There was a significantly greater increase in systolic and diastolic LV size from baseline to 2 years in patients with increased frequency of PVCs >10/h at 2 years. In addition, patients with VT had significantly larger increases in LV systolic and diastolic cavity areas from baseline to 2 years compared with patients with no VT. Furthermore, there was a greater reduction in LV function (% change in LV area) in patients who had VT at 2 years (Table 3). Thus, the presence of ventricular arrhythmias was associated with progressive LV dilation and deteriorating function during postinfarction remodeling.

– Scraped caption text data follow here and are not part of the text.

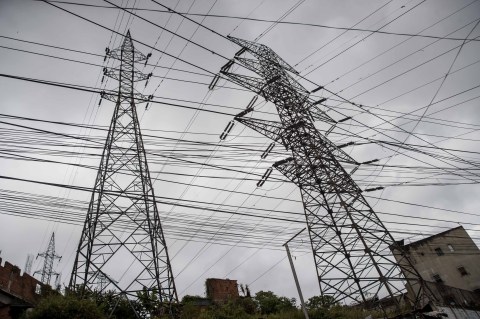 ¿Energía bajo amenaza? Riesgos y costos de las conexiones ilegales en el Caribe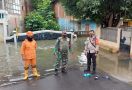 Banjir di Jatinegara Mulai Surut, Warga Bersih-bersih Rumah - JPNN.com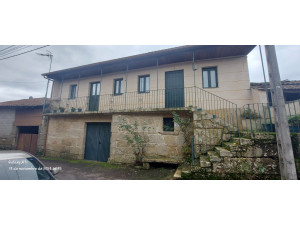Casa de pueblo en Venta en Santo Estevo (Punxin) Orense...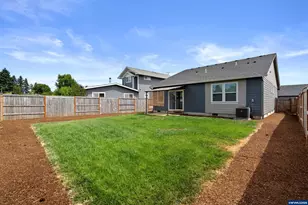 500 SE Stafrin St, Dallas, OR 97338 - Photo 27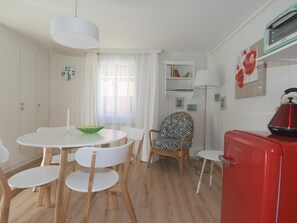 Dining - Wiedersehen by Interhome (Saas-Grund)
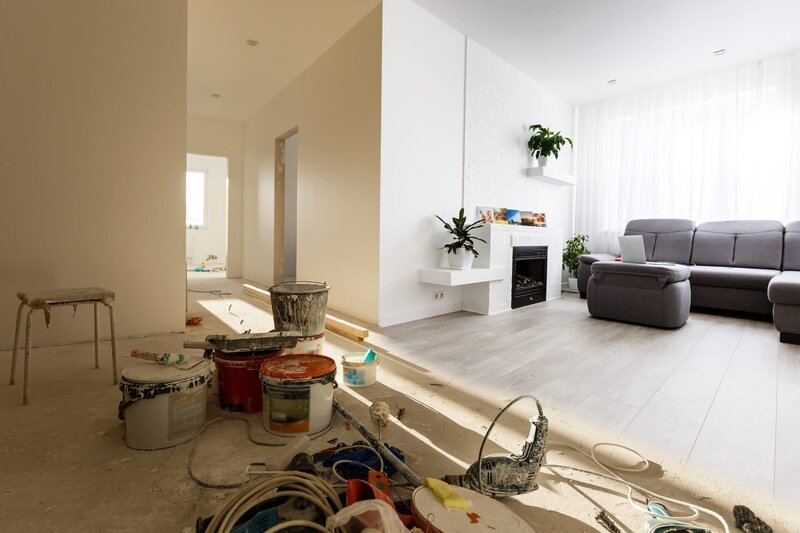 Renovation before and after – renovating empty apartment room – Bild: Andrey Sinenkiy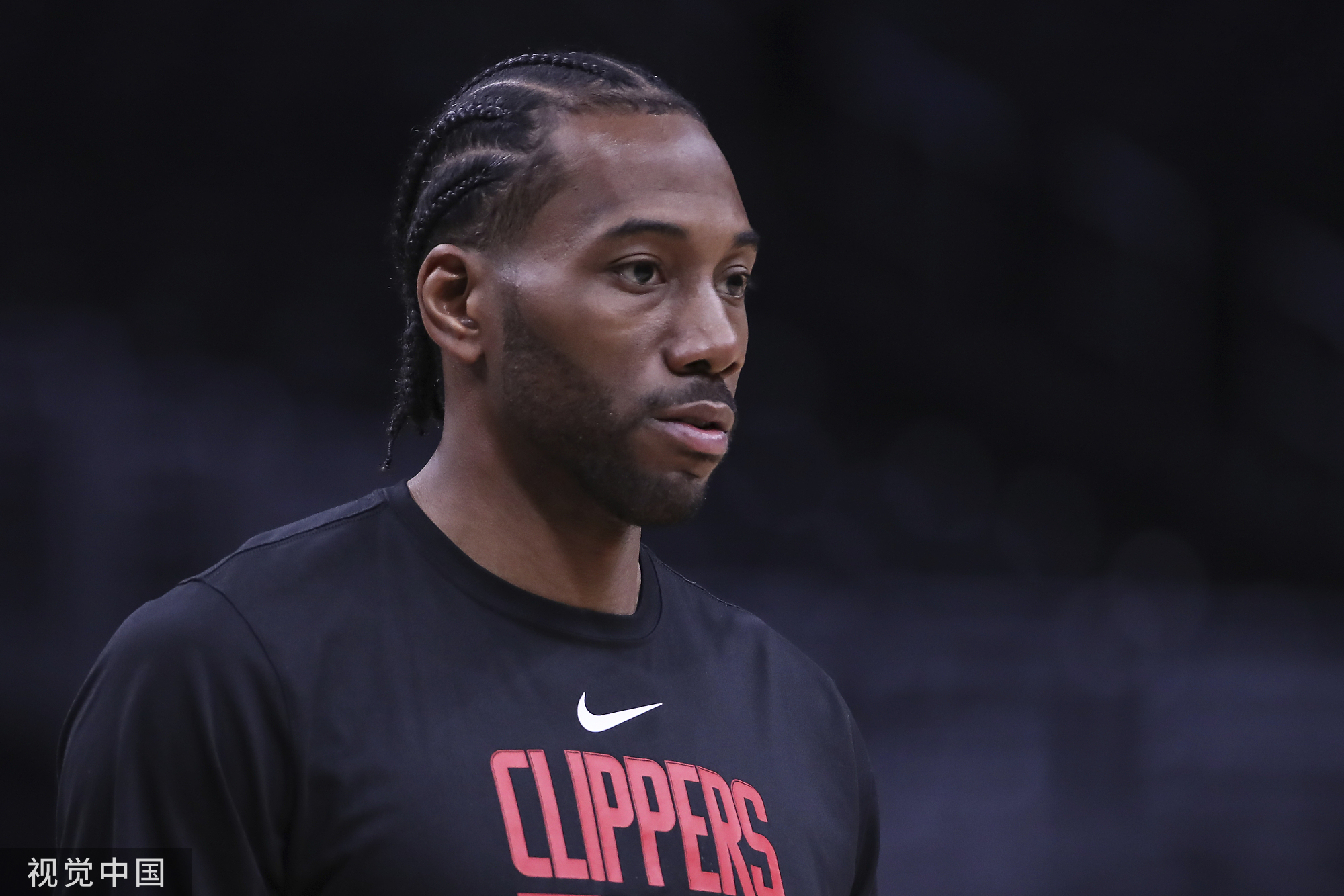 而是由阵容 而是由阵容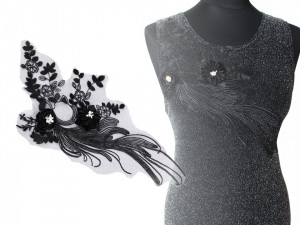 Velká aplikace / vsadka na monofilu, vyšívaná s 3D květy, na společenské šaty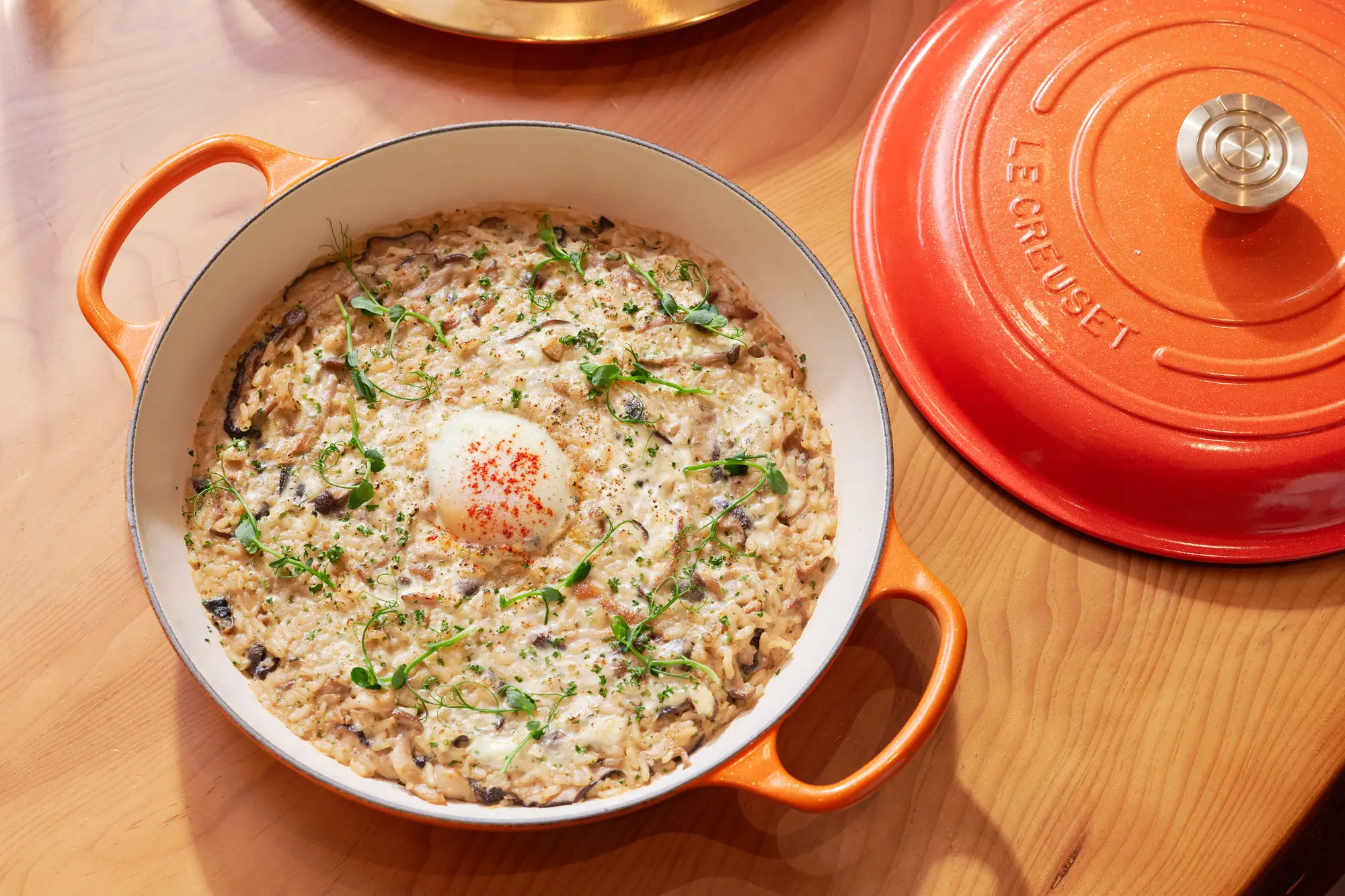 Le Creuset 百周年菜單：西班牙式季節蕈菇燉飯 牛肝菌 63度溫泉蛋 柏森香蒜奶油起司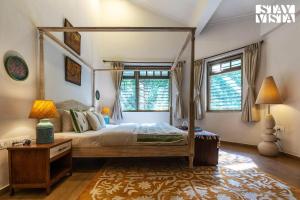 StayVista at Samara - 4BR with Pool & River View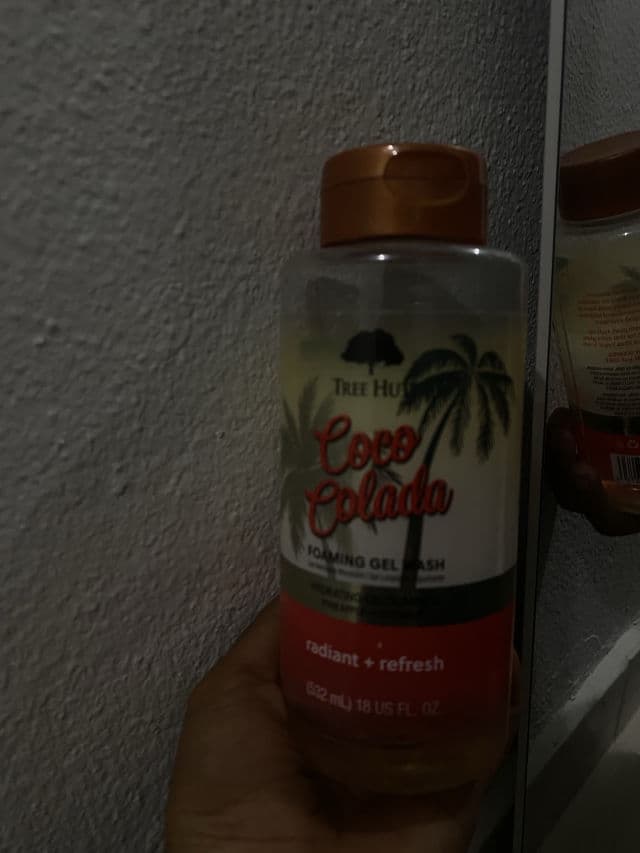 Tree Hut Coco Colada Foaming Gel Wash review photo by carlanazaretf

In this study, ACE inhibitor therapy did not have a detectable impact on the incidence of VT or PVCs >10/h compared with placebo, concordant with several previous studies.20,33 This was not explained by any difference in use of antiarrhythmic agents among the treatment groups but probably reflected the small size of our patient cohort, which had only 50% power to detect an effect on VT at 1 year. A meta-analysis of several large postinfarction trials was required before a significant benefit of ACE inhibitor therapy on sudden arrhythmic death was demonstrated.17 Similarly, therapy with ß-adrenergic receptor blockers, used in more than one third of our patients, had no significant effect on the prevalence of ventricular tachycardia or ventricular ectopic activity. However, since both of these agents have been shown to attenuate LV hypertrophy and remodeling, this favorable modification of ventricular structure and function may in the long term reduce the propensity for ventricular arrhythmias.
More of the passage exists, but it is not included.